Michigan-based McLaren Healthcare will sell a mix of $372 million of taxable and tax-exempt debt Tuesday with a big piece going to establish permanent financing for the acquisition of a health plan.
Proceeds from the taxable portion for $300 million will pay off interim financing used to finance McLaren’s acquisition of MDwise, a nonprofit HMO serving over 360,000 members in Indiana with annual revenue of $1.5 billion. The use does not qualify for tax-exempt financing.
The tax-exempt piece will refinance 2015 floating-rate notes due to an upcoming mandatory tender date. The notes will be structured as floating-rate and the spread is expected to be consistent with existing borrowing. The bonds mature Oct. 15, 2030.
The bonds carry ratings of AA-minus from Fitch Ratings and Aa3 from Moody’s Investors Service. The outlook is stable from Fitch and negative by Moody’s.
JPMorgan and PNC Capital Markets LLC are co- senior managers.
The taxable proceeds will refund a $250 million line of credit the system used to support the MDwise transaction that closed in January.
An additional $50 million from the taxable tranche will provide new money for general corporate purposes. Current capital plans include a $71 million major facilities improvement project at McLaren Macomb, a $175 million renovation project at McLaren Northern Michigan and a $47.5 million expansion of the Karmanos Cancer Institute's Weisberg Center in Farmington Hills, Michigan.
The $72 million of tax-exempt, floating-rate refunding bonds will be sold through the Michigan Finance Authority.

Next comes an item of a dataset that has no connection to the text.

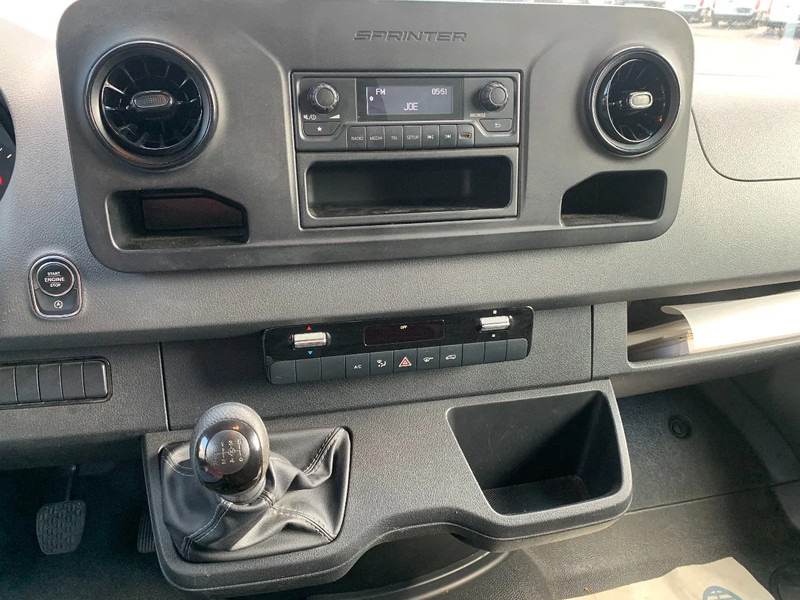 Mercedes-Benz Sprinter 514 CDI*LAADKLEP*CRUISE*AIRCO* - Bestelwagen gesloten laadbak: afbeelding 5 Mercedes-Benz Sprinter 514 CDI*LAADKLEP*CRUISE*AIRCO* - Bestelwagen gesloten laadbak: afbeelding 5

The bonds are secured by a security interest in the gross revenues of the members of the credit group. The credit group includes several medical centers and certain foundations. The credit group makes up 73.9% and 83.7% of system revenues and assets, respectively as of fiscal 2017.
The MDwise acquisition is McLaren's first outside Michigan. MDwise is a nonprofit HMO that had been jointly owned by Indiana University Health System and Health and Hospital Corp. of Marion County, a public health organization.

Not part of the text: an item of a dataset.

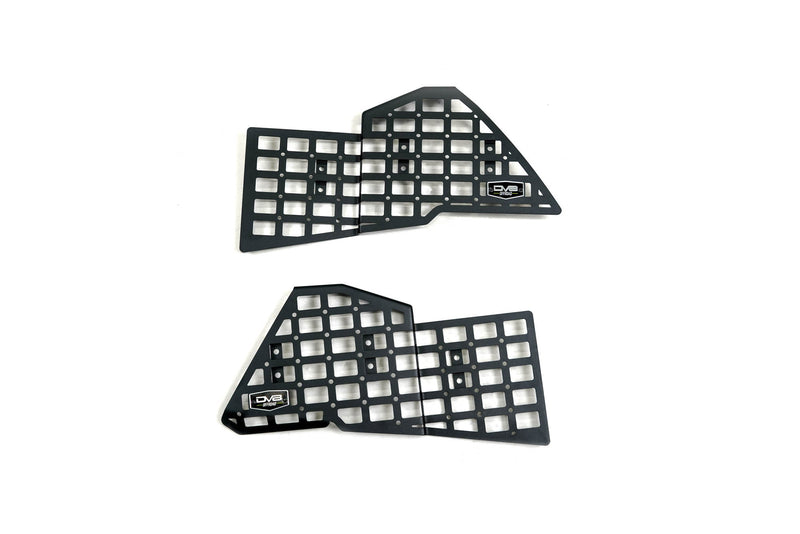 DV8 Center Console Molle Panels - 2024+ Land Cruiser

Combined, MDwise and McLaren Health Plan will collectively serve more than 620,000 individuals, making it one of the region's largest provider-sponsored health plans.

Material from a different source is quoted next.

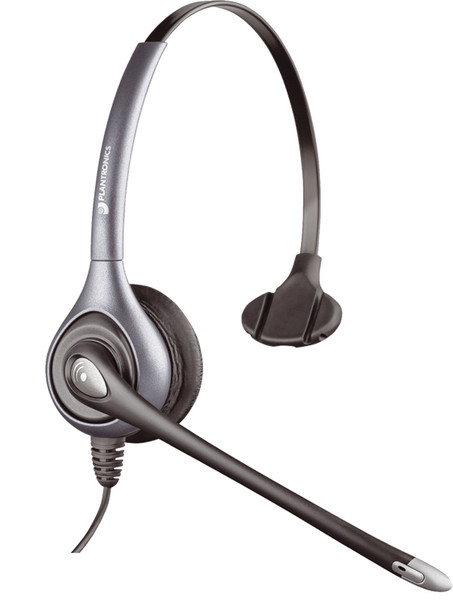 Plantronics HW351N/A Monaural Head-band headset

“McLaren reports that MDwise is currently unprofitable, and given the size of the plan, is expected to dilute McLaren's margins in the near term,” Moody’s said. “We expect over a longer horizon McLaren's core competency to successfully integrate and improve financial performance at acquired entities will result in improved performance at MDwise.”
Other acquisitions the hospital made this year include Michigan based Caro Medical Center and Huron Medical Center. Caro Medical Center is a critical access hospital with $14 million in annual revenue and Huron Medical Center is a community hospital with $42 million in annual revenue.
The healthcare system reported $3.8 billion in revenues in fiscal 2017 and includes 14 acute care hospitals, several outpatient sites, a physician practice plan, commercial and Medicaid health maintenance organizations serving both residents of Michigan and Indiana.
The system has nearly $1.1 billion of outstanding debt.
McLaren will file a certificate of need request later this year to build a new $450 million replacement hospital in Lansing, Michigan.
Fitch said the healthcare's capital plans are sizable and could include a new debt issuance associated with the Lansing project.
“Failure to successfully execute the capital projects or a material increase in debt could pressure the rating,” the rating agency said.